“Andrea Mitchell interviewed Susan Page, Washington Bureau Chief for USA Today, as part of her program’s Election Day coverage. When asked about Republican obstruction, Page surprised the biased host by projecting a GOP-controlled Senate would cause Senate Democrats to move further to the left,” Jeff Dunetz writes at Truth Revolt:
I think there is another effect from this election night that could affect Hillary Clinton. And that is the fact that a lot of those moderate Democrats in the Senate are the ones that are endangered. You are going to have a Democratic caucus that is more uniformly liberal. And the whole party I think is being pulled somewhat to the left. You talk to activists on the party- I did this morning- talking about it was the Elizabeth Warren wing of the party, Elizabeth Warren was the best surrogate, those are the issues, like fighting Wall Street, that generated the most enthusiasm among Democratic voters. So you will see, if you’re going to see the Republican Party pull to the right after tonight’s elections, I think you’re also going to see the Democratic Party pull to the left.
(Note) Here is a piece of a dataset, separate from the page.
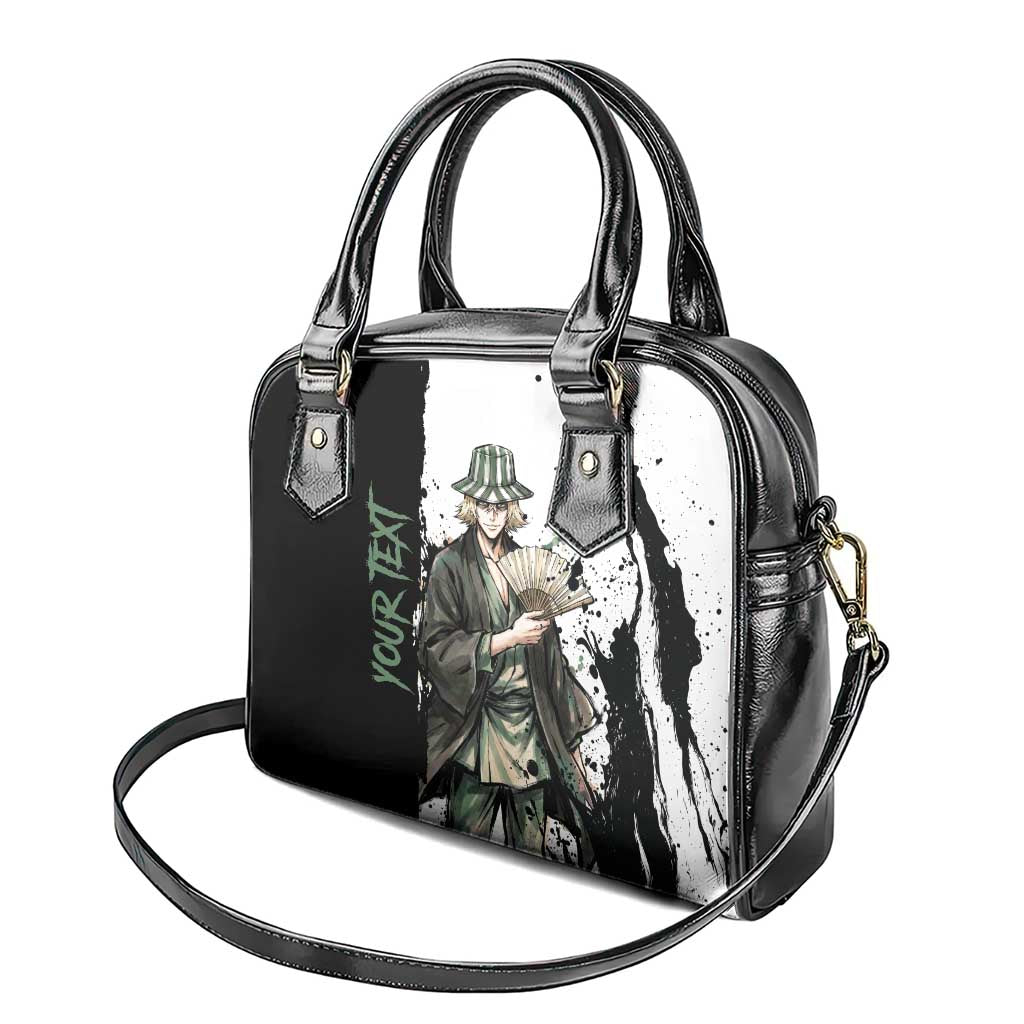Personalized Kisuke Urahara Shoulder Handbag Ink Splash Anime Brush Style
We’ve seen this movie before, haven’t we? As Ramesh Ponnuru noted at National Review over a decade ago in 2003, “Conservatives ought not to cheer the Democrats’ leftward lurch,” which had begun with their nomination of Al Gore to be president, and only escalated in the wake of September 11th and America’s involvement in Iraq and Afghanistan. Concurrently, as Ramesh noted, GWB moved Republicans to the left via his “Compassionate Conservatism” philosophy of Big Government-based conservatism:
One of the reasons that parties benefit when the other party becomes extreme is that it allows it to hug the center. But if Republicans are moving to the center and Democrats to the left, that means both parties are moving leftward-that the center of gravity of American politics is moving leftward. Isn’t that, too, part of the story of 1972?
Looking back 30 years, is it really clear that the McGovernites would have achieved more of their agenda by not taking over the Democratic party? If you were a liberal who wanted to move the country leftward, should you really be backing someone like Joe Lieberman? Conservatives who want the Democrats to move left have to believe that.
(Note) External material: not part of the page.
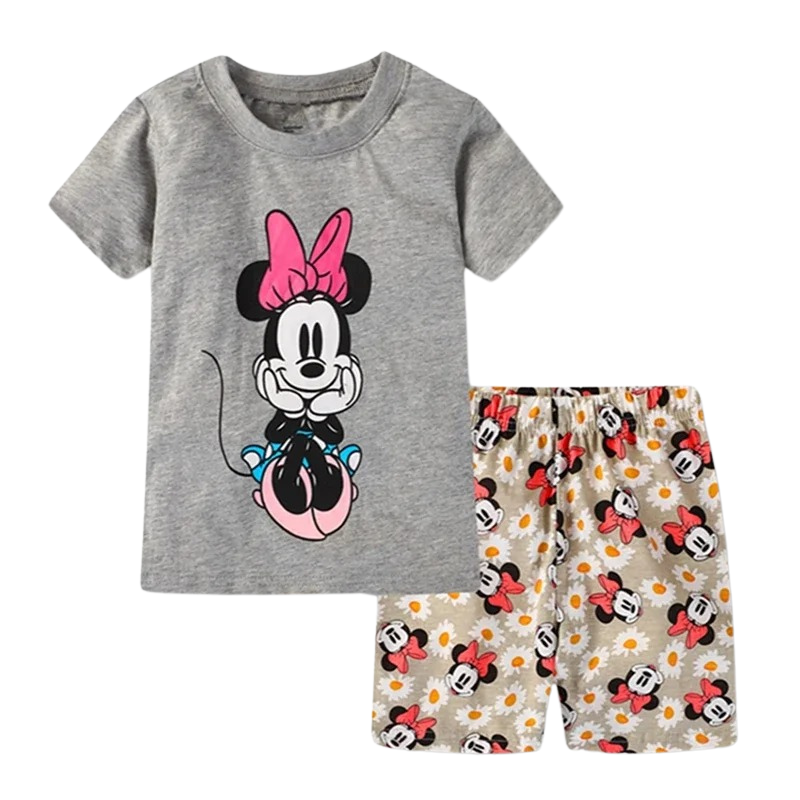 Pack of 4 Minnie Cotton Pyjamas for Children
The other problem is that every once in a while Democrats, even if they move left, are going to get elected. It would be better for conservatives if there were a lot of Democrats who are willing to work with Republicans on tax cuts, judges, and Social Security — as there were under the Reagan and first Bush presidencies. Sometimes, Democrats are even going to get elected to the presidency. And even when a party recovers from ideological benders, there are after-effects. The Clinton administration’s foreign policy was impaired by the Democrats’ post-Vietnam hang-ups.
As Ponnuru concluded in 2003, “People ask me sometimes whether I’m happy about the Democrats’ current predicaments. But let’s rephrase the question. Should we be happy that one of our two major parties is going off the deep end? I don’t think so.” We’ve all seen how that’s played out since January of 2009.
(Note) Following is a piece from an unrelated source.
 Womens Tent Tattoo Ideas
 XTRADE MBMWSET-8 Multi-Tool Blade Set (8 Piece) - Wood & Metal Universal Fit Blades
How far to the left can Democrats go at this point?
From Wilson to FDR to LBJ to BHO, with only a minor pause by Bill Clinton — and only because the twin threats of Hillarycare and the loss of the Second Amendment ushered in the first GOP Congress in decades — Democrats have crept steadily left, shifting the center of political gravity for both parties in the process. When does the urge to shout “Leftward Ho!” cease?